As already noted above, for theoretical reasons we may expect a linear relationship between the radiative forcing covariates
and global mean temperature. To explore this issue in greater detail we fitted non-parametric curves, as recommended
by Fox and Weisberg (2011), to the scatter plots of each covariate against the mean global temperature anomaly (Fig. 4).
These figures showed only a slight degree of non-linearity.

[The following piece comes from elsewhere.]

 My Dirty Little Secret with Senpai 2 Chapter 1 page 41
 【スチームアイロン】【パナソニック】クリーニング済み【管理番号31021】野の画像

However, they do not account for dependencies in the data,
and so we refitted Model A using the gamm function from the mgcv library in R. We specified the same residual autocorrelation
structure when fitting this model, but instead of linear functions we used non-parametric splines for all 4 covariates.
Note that it is not possible to fit the other models with the gamm function because of their complicated autocorrelation
structure, but this should only have minor influence on the curvature of the splines. The four splines were estimated to
be exactly linear and coincided very closely to the arima function estimates (Fig. 4). Hence, it was concluded that a multiple
linear regression was an accurate representation for modelling the mean global temperature anomaly.
Also, as already noted, the correlation between the covariates is very small for the data from 1950 onwards, thus one
would not expect collinearity to be an issue. To examine whether this is indeed the case, each covariate was removed from
Model B, one at a time, and the remaining parameters were re-estimated. In all cases the regression parameters only changed
by a small amount. For example, when f(eCO2) was removed, the new regression parameter estimates for SOI, TSI and VOLRF
were 0.013, 0.008 and 0.10, respectively, all within the 95% confidence intervals of the original estimates. Also note that the
regression parameter estimates for Model E, fitted with data from 1950 onwards, are very similar to Model B. Thus we can
safely interpret the regression coefficient as mostly representing the effect of the variable they are associated with.